*** Opening of DATA FOR REVIEW ***
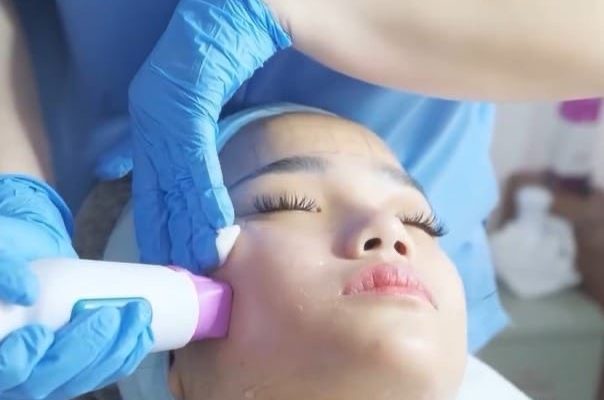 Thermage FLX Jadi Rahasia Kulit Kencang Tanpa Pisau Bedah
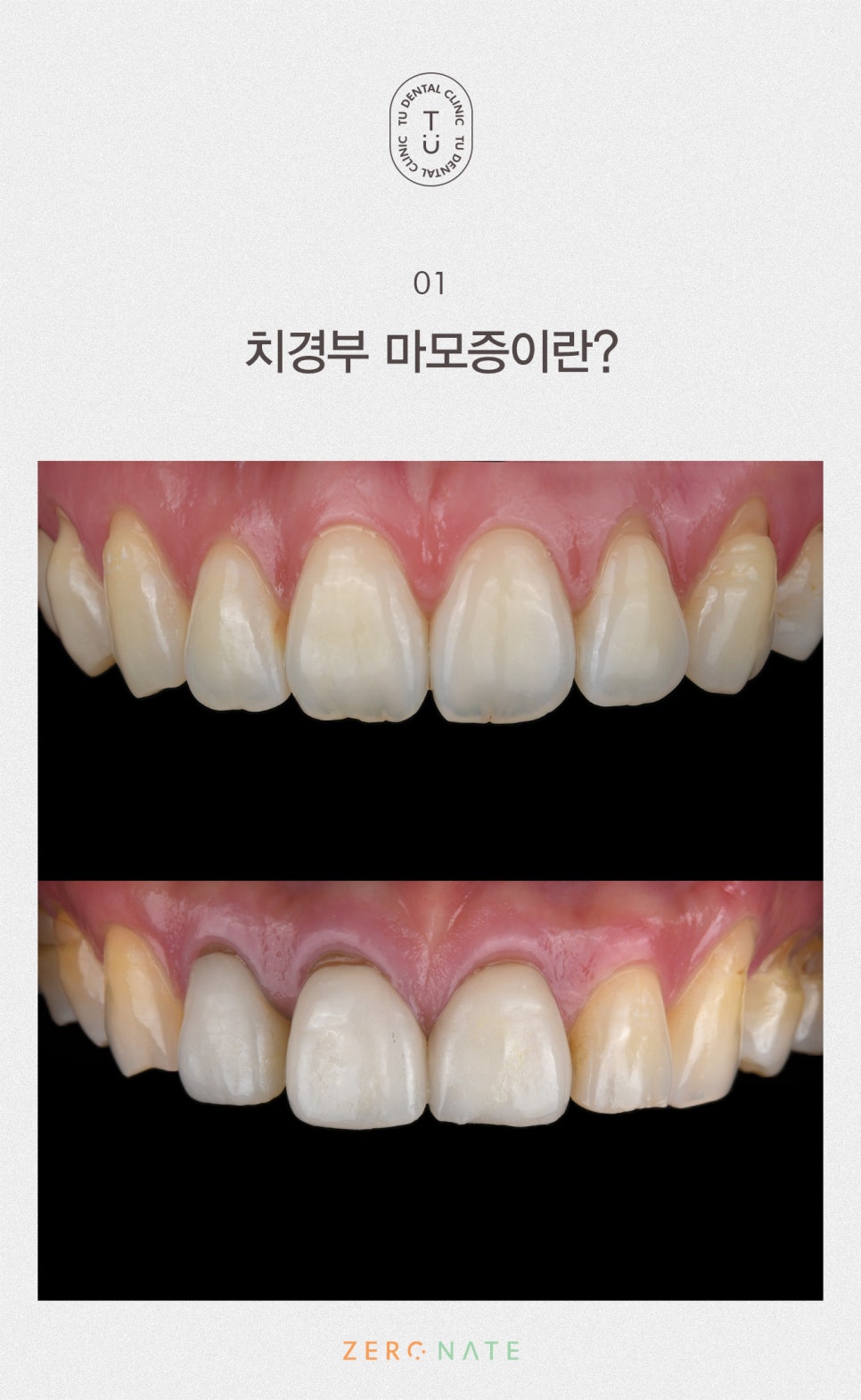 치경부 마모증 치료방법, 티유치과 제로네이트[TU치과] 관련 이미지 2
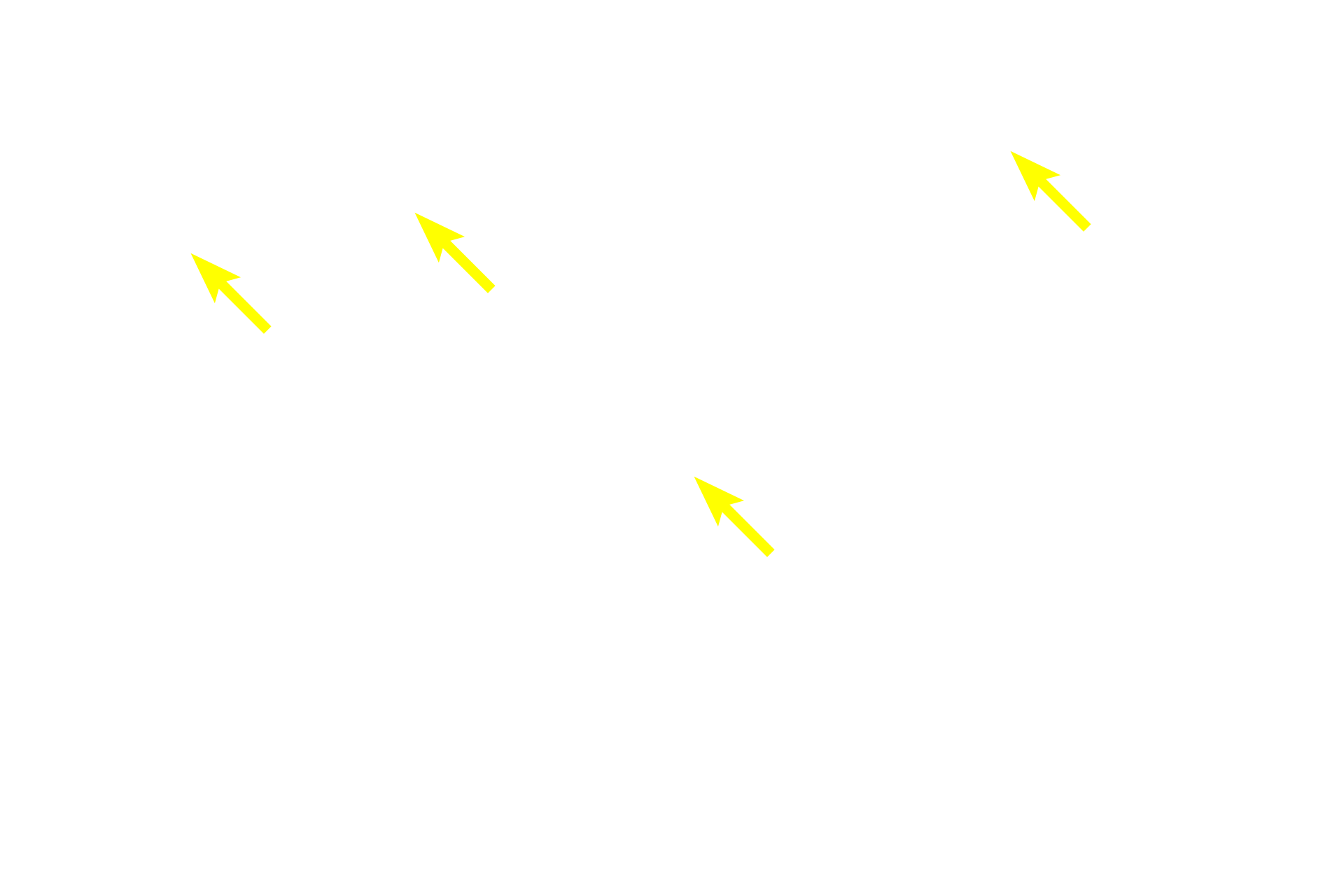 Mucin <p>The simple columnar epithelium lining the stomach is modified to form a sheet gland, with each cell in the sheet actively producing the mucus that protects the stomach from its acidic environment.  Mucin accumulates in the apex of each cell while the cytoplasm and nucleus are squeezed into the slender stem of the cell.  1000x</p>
*** Close of DATA FOR REVIEW ***
*** Opening of DATA FOR REVIEW ***
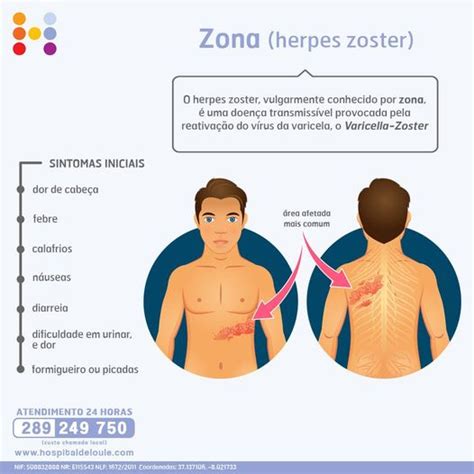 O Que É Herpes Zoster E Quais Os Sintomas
*** Close of DATA FOR REVIEW ***
*** Opening of DATA FOR REVIEW ***
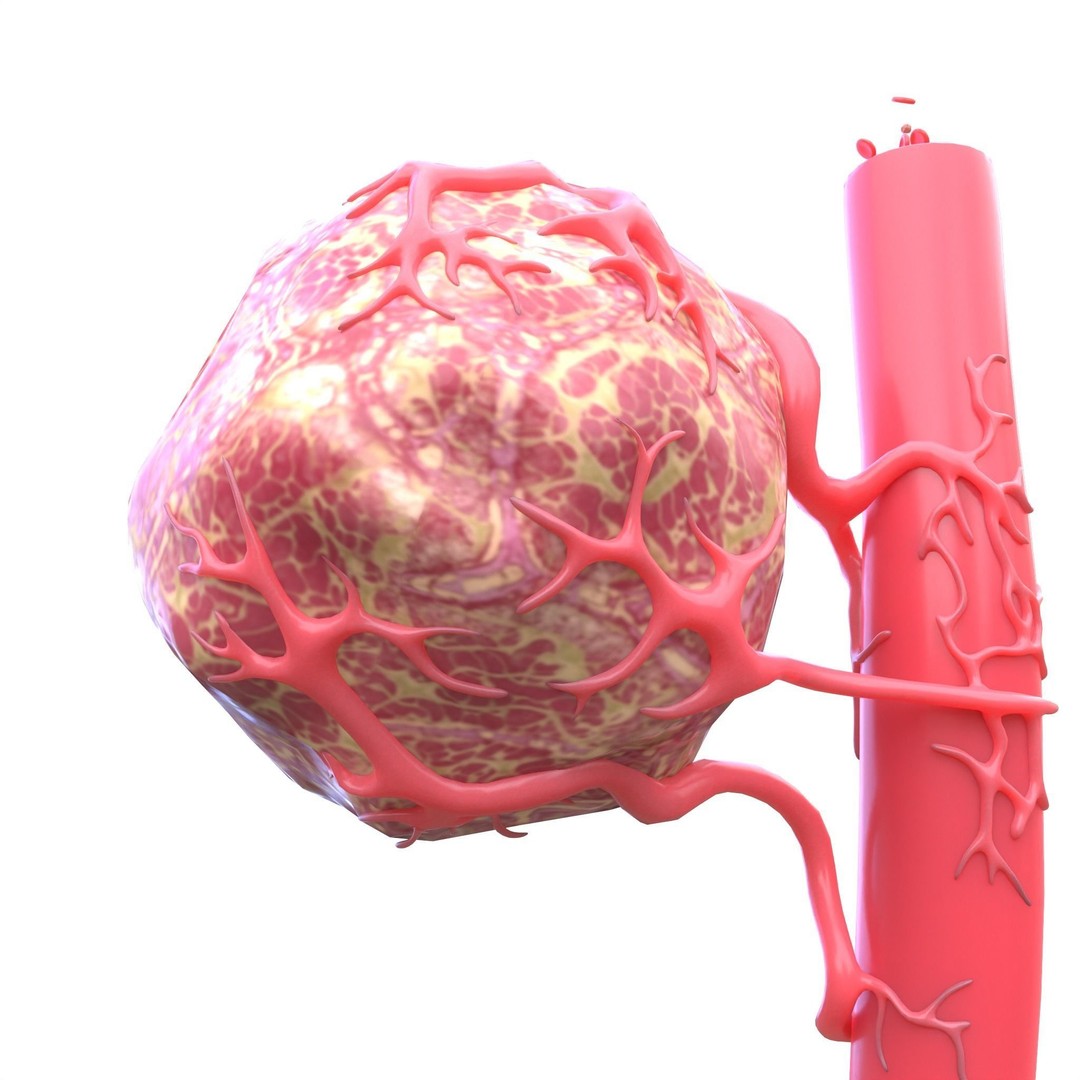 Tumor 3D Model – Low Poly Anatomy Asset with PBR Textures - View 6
*** Close of DATA FOR REVIEW ***
§ EXERCISE REQUIREMENTS
Beginning at the line that has "Thermage FLX Jadi" and ending at the line that has "Mucin <p>The simple", restate the listing above word for word, pictures left out.

§ YOUR RESPONSE
 Thermage FLX Jadi Rahasia Kulit Kencang Tanpa Pisau Bedah
 치경부 마모증 치료방법, 티유치과 제로네이트[TU치과] 관련 이미지 2
 Mucin <p>The simple columnar epithelium lining the stomach is modified to form a sheet gland, with each cell in the sheet actively producing the mucus that protects the stomach from its acidic environment.  Mucin accumulates in the apex of each cell while the cytoplasm and nucleus are squeezed into the slender stem of the cell.  1000x</p>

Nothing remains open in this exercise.